There are other factors that will/might give rise to the drift, including precision of the sensors used.

And even when used in lifting system, if the arm moves up and down long enough or continuously enough times, there will still be “drift”.

But in the VRC context, I am assuming OP is trying to use gyro during the auton and to make the robot going straight towards a fixed direction.

That means the distance moved shouldn’t be long enough for the drift to be significant. So once again, PID will be good enough for this purpose.

But you are not wrong to say that motion profiling will improve the accuracy of motion.

But end of the day, whether it is odometry or speed profiling, it is superior to just a standard PID simply because more sensors are used, and more sources of data are being input to the system.
Another way to look at it is that triangulation of data will always be better than just solely relying on one encoder or gyro.

1 Like

Thank you for answering :slight_smile:

Could I use the same PID for turns by changing the pointing PID target to some other degrees?

2 Likes

Excellent question, in theory yes. In practice I end up wanting my point straight PID gains to be slightly different than normal turn in place PID. I usually start them the same but tweak them both separately as needed.

Potentially helpful to make point, (API unimportant as this is code from 5 years ago)

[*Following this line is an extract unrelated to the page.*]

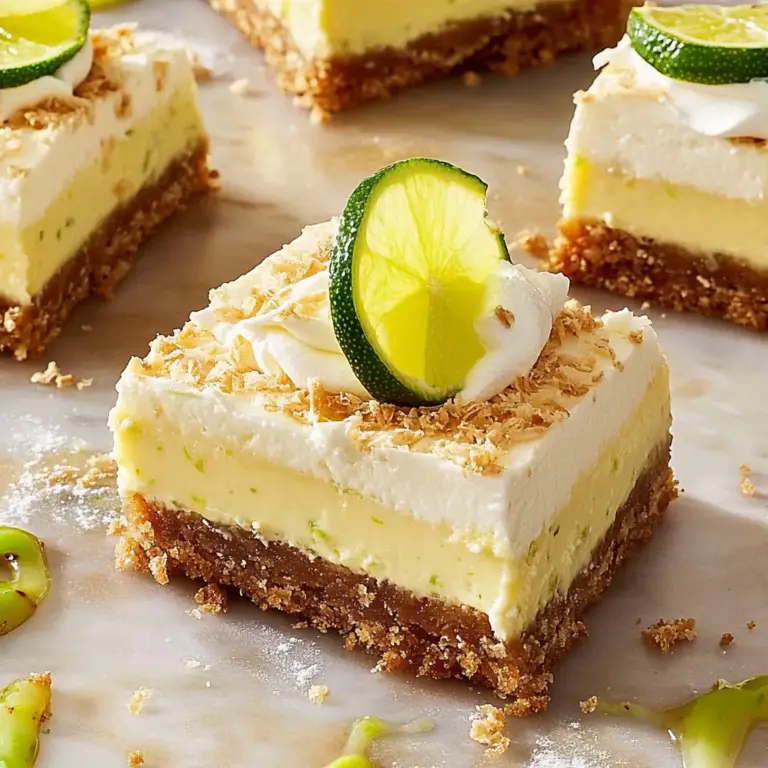 Coconut Key Lime Cheesecake Bars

angle PID when driving straight

pos_PID_InitController(&anglePID, &angleChange, 0.5, 0.25, 0); //P, I ,D

angle PID when turning in place

pos_PID_InitController(&anglePID, &angleChange, 0.61, 0.12, 0.07); //P, I ,D gains

Just grabbed examples from https://github.com/Team-Optimistic/Team_Optimistic

In this example we wanted a stronger integral term when driving straight, so that the system could “learn” or “adapt” more dramatically if a side was consistently driving a little slower. Also it seems we didn’t want any D damping on the angle correction loop for some reason.

4 Likes

When I set the turning goal to something else, would the forward PID interfere?

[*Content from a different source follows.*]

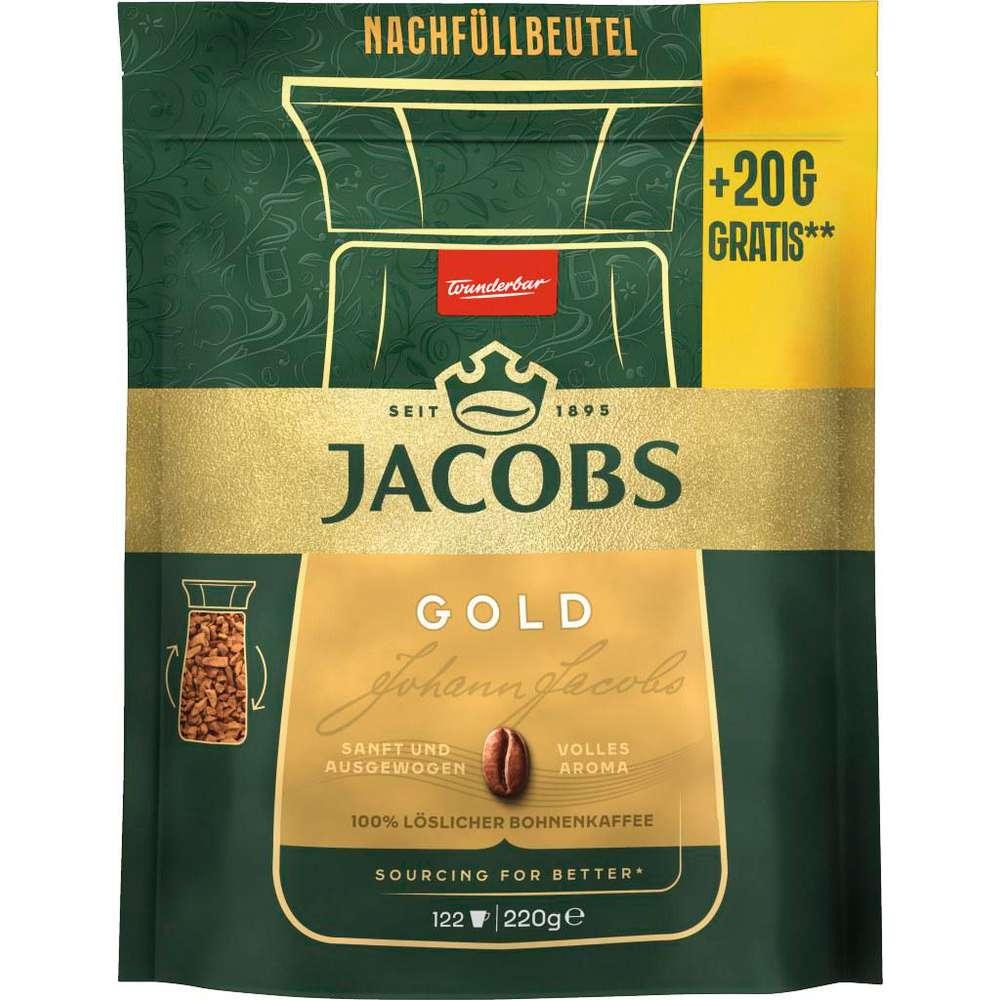 Jacobs Krönung Instant Coffee Gold, refill bag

Like if I say I want to turn 90 degrees using the gyro, then the wheels will start moving, but the forward PID will see that as an error and try to correct the wheels back to 0

How would I fix that problem? (Is it even a problem?)

1 Like

Its not really a problem.

  1. Don’t use the PID controller unless you want it. Call a drive straight function that uses both PID controllers when you want to drive straight, call a turn function that only uses one when you want to turn.
  2. The traditional way to make the forward PID error with encoders is goal - (leftEncoder - rightEncoder)/2. The average of both sides. This also nicely means rotating in place does not effect it, because the average is unchanged when they spin away from eachother.